A Koyukon Athabascan man and his son had been
out hunting one winter day. On the way back to camp, they discovered
a bear hole. The older man stuck the end of his long bear spear into
the hole, hoping to wake the bear up and make him leave his hole. He
poked and poked, while his son stood nearby with his own spear ready
to stab the bear as it came out of the hole.
The bear started growling. The man felt him
moving about -- he was going to come out! As the big animal emerged
angrily from his den, the two men panicked.
The son lunged at him with his sharp-pointed
spear. His father followed with another stab at the bear. There was a
struggle -- and the bear fell down, and slid back into his
den.
The two men were horrified. They knew that
after a bear has been killed, its forepaws must be cut off, and its
eyes must be burst. Although the bear was dead, its spirit, or yega,
could still harm the men if these things were not done.

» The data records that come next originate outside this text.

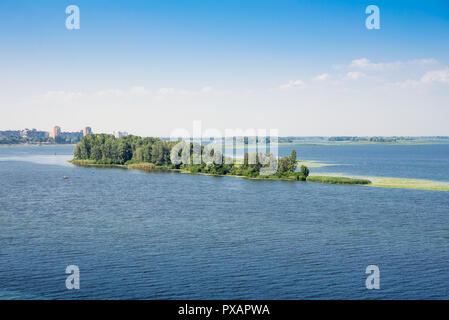 Vue de l'île sur le fleuve Dniepr Banque D'Images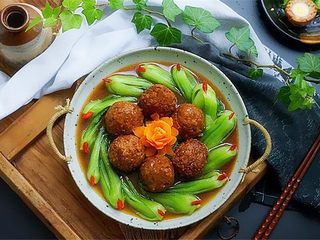 12、（私家秘制版）红烧鹌鹑蛋狮子头,配上美酒，一家人尽享美味吧！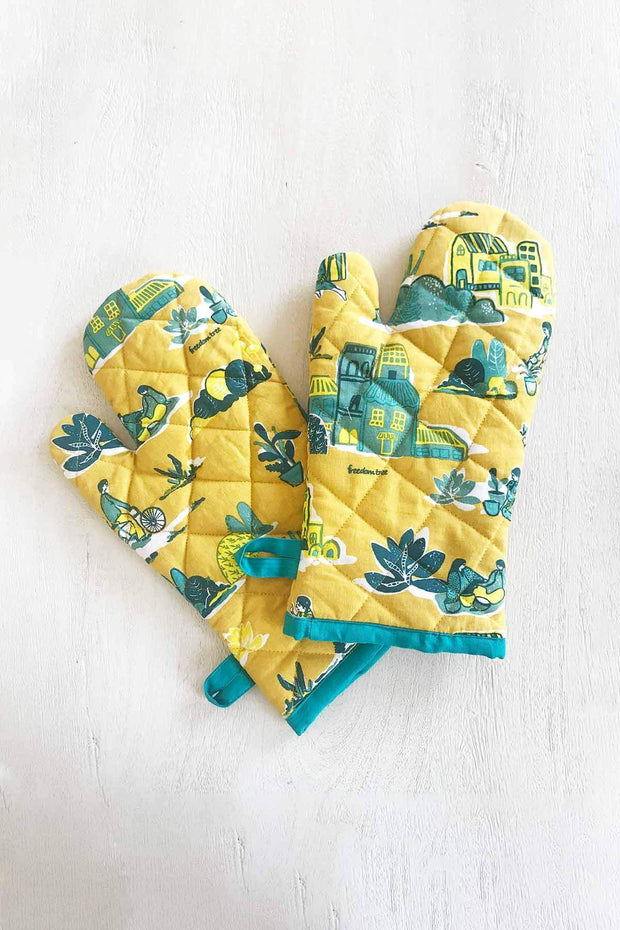 KITCHEN LINEN Days Without End Yellow Oven Mitt (Set Of 2)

The man and his son tried to remove the bear
from the hole, but it was already dark by this time and the bear was
very heavy. They could not pull it out.
The men returned to camp. They felt very
worried. because they had not followed the rules. The bear's yega
would be angry. Days and weeks went by, and nothing bad happened to
either one. Finally, they forgot about the dead bear in its
den.
A year later, the son went blind. The people
in his band said he had gone blind because he had broken a rule--he
had failed to burst the bear's eye after killing it.